Patagonia: “En gran medida tienen puntos en común. El campesino paraguayo es el sujeto social a diferencia de nuestro país como puede ser el obrero. Fueron echados de sus tierras, le arrasaron sus montes y mataron los animales. El campesino y la tierra es una cosa. En la Patagonia los mapuches reivindican la pre-existencia. Wereltineck y sus grupos racistas podrán decir que la tierra es privada, y los parques nacionales fueron creados en 1930. O sea ayer. En los 2 conflictos nuestra doctrina es que deben resolverse en mesas de diálogo, no con el código penal. Lo quisieron hacer así en el sur y hubo dos muertos, Rafa Nahuel y Santiago Maldonado. Los conflictos territoriales se resuelven hablando sino corren ríos de sangre. Tenemos la experiencia en los países vascos, en Palestina. Hemos instado a que se sienten a hablar. Pero tenemos en claro que si se producen conflictos vamos a estar del lado de los reprimidos, de los más débiles”.

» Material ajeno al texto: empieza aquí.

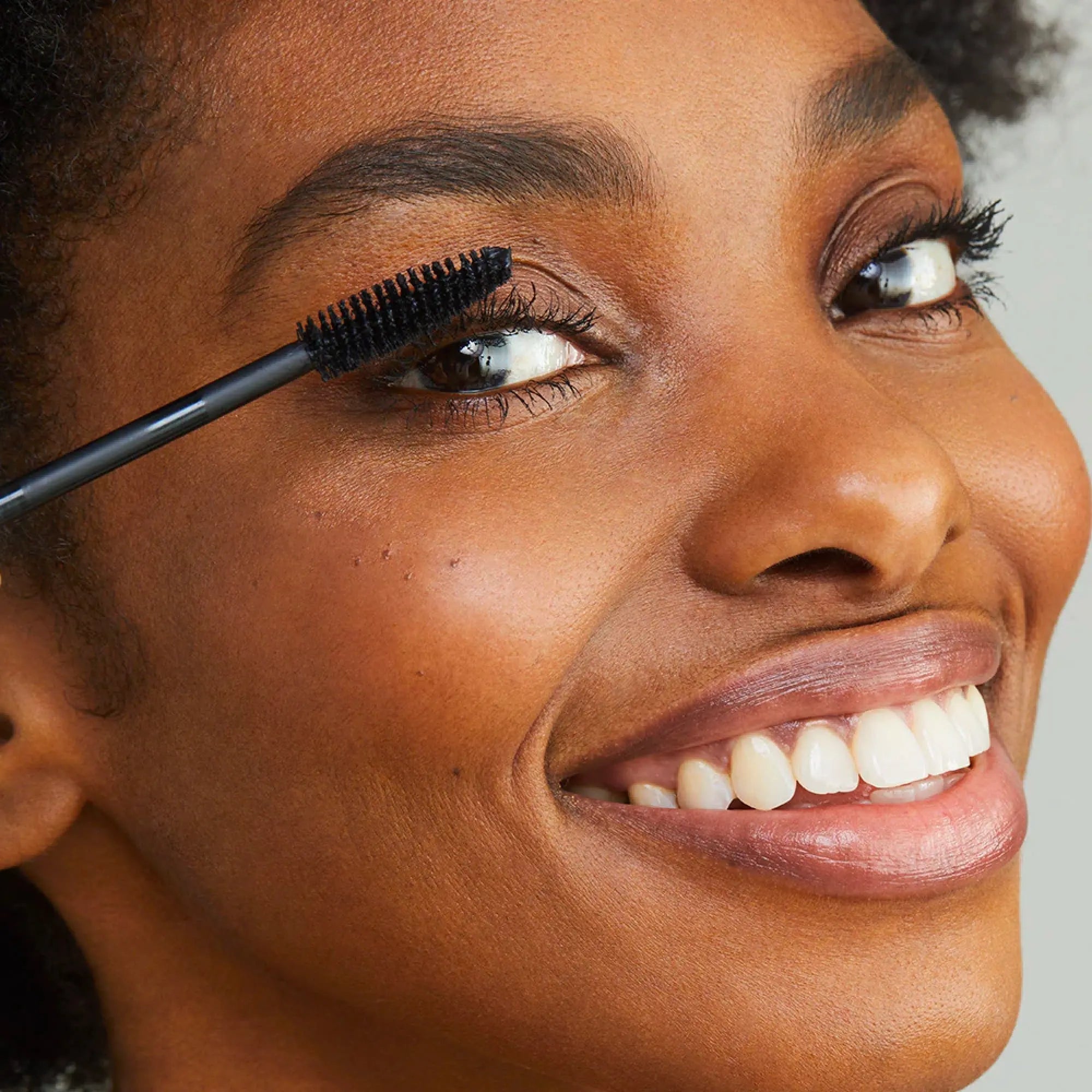 Straight Up™ Volumizing Peptide Mascara - Imagen 5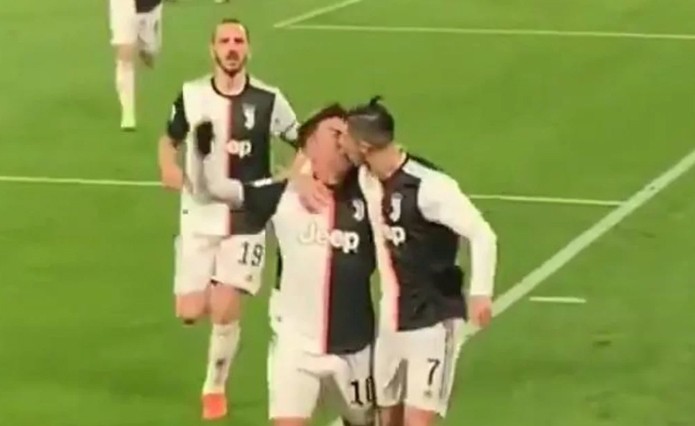El beso entre Dybala y Cristiano que hizo arder las redes | Virales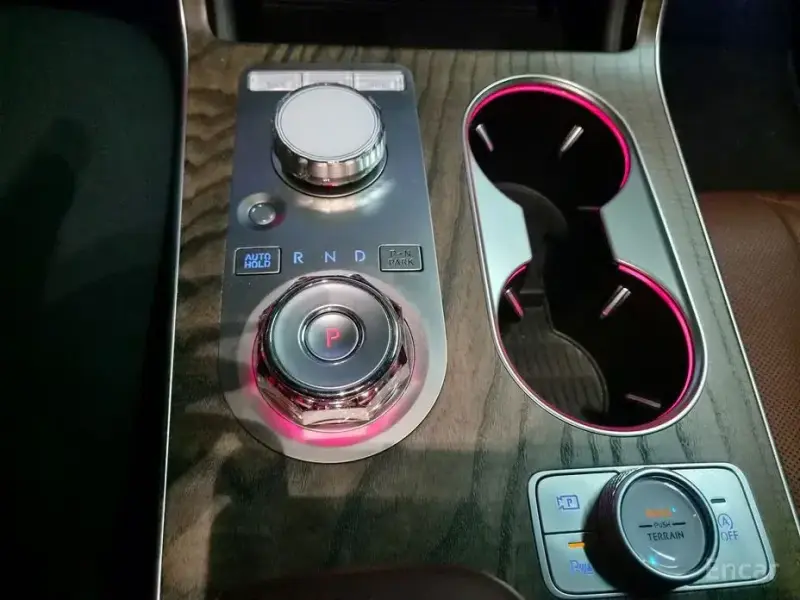 2023 Genesis GV80 с пробегом 44 888 км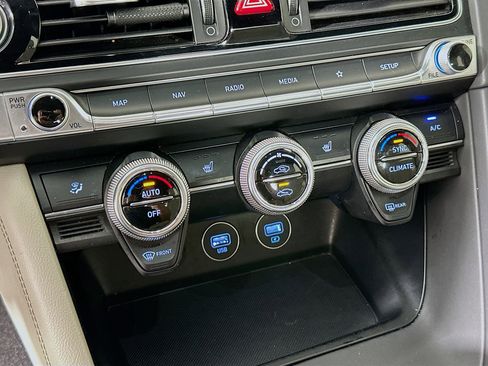 Used 2022 Genesis G70 2.0T image 24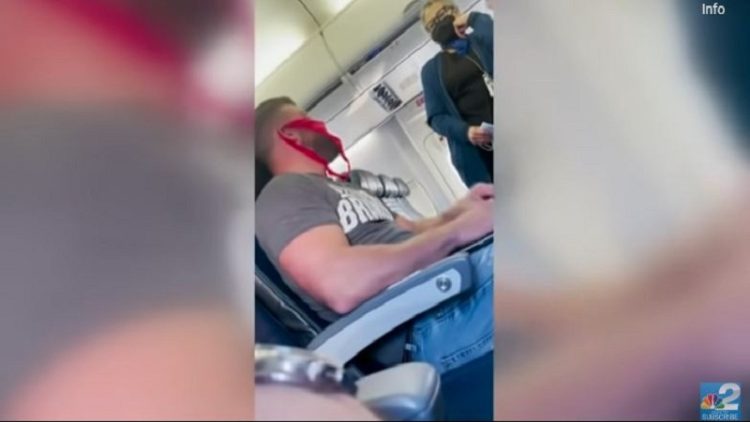 “Red underwear protects against COVID” / The young man goes viral, the moment they get off the plane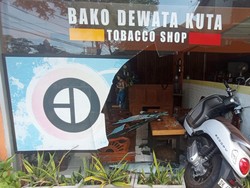 Viral Sepeda Motor Tabrak Toko di Kuta, Dikendarai Bule Bonceng Tiga?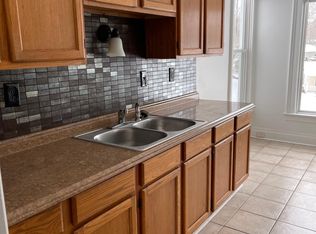 172 W Genesee St #4, Chittenango, NY 13037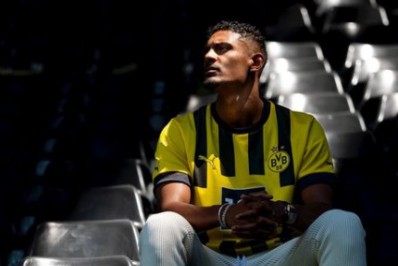 Com tumor maligno no testículo, substituto de Haaland vai desfalcar o Borussia 'por vários meses'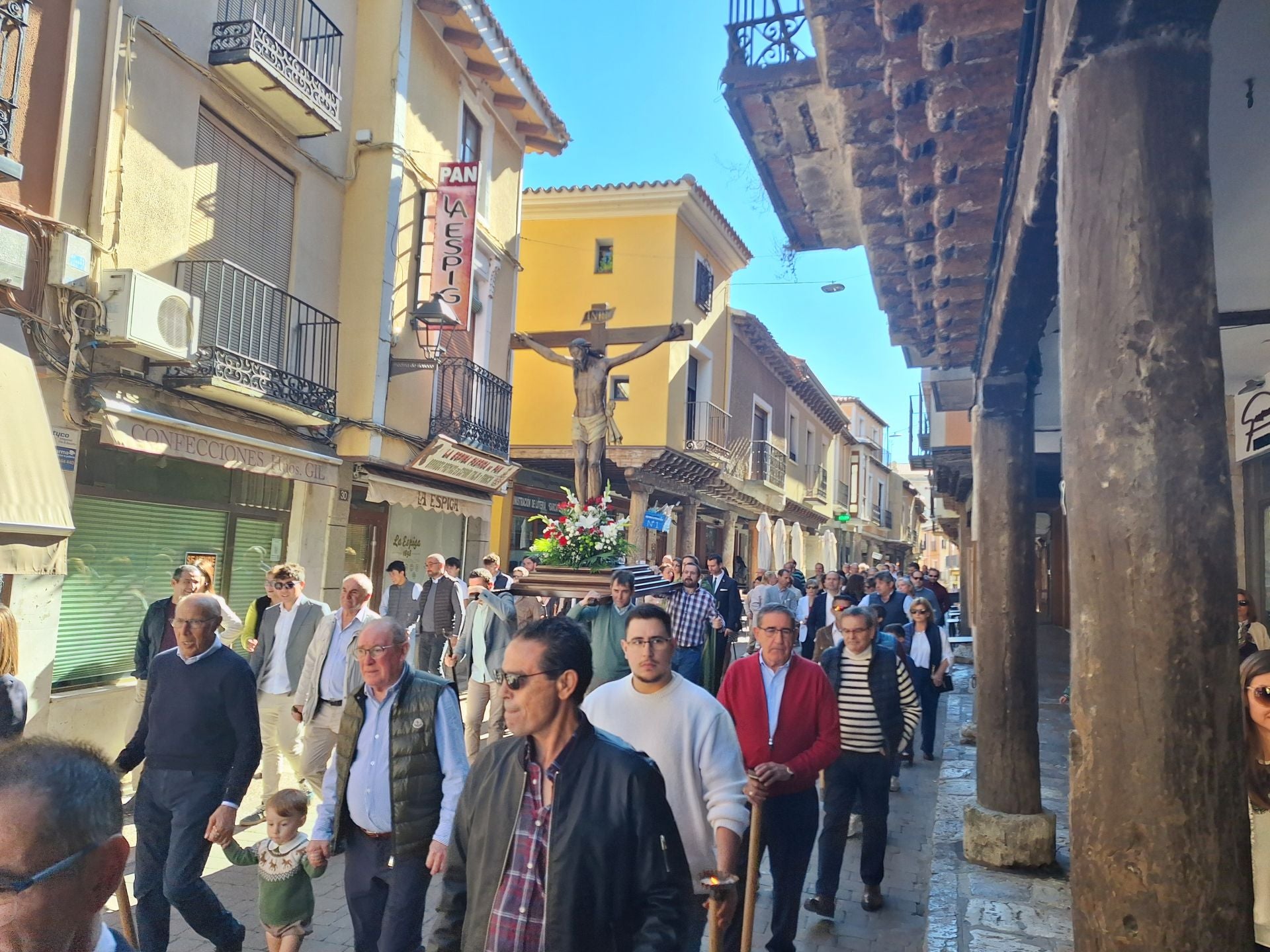 Las imágenes de la procesión de El Cristo de las Puertas en Medina de Rioseco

Guernica: “Somos 45 millones de habitantes, la mitad debajo de la línea de pobreza. Y la mitad en la indigencia. Su reclamo a un pedazo de tierra no se va a poder parar. Eso también tiene que tener mesas de diálogo. La cantidad de hectáreas vacías que hay en Buenos Aires. Muchas veces retenidas por los intendentes de los primeros cordones del conurbano. Tienen más poder que los jueces. Inclusive se puede criticar a Berni por lo que no hacen más que por aquéllo que hacen. Los policías le responden a los intendentes y no a la justicias. No se puede desalojar sin un proceso judicial. Muchas veces no aparecen los dueños de la tierra. En esta situación proponemos lo mismo que la corte de Buenos Aires que dice que debe existir una mesa de diálogo”, afirmó.

Eduardo Soarea de la gremial de abogados se refirió a las tierras como vector de conflicto. El ejemplo más dramático, los asesinatos de 2 niñas argentinas en Paraguay.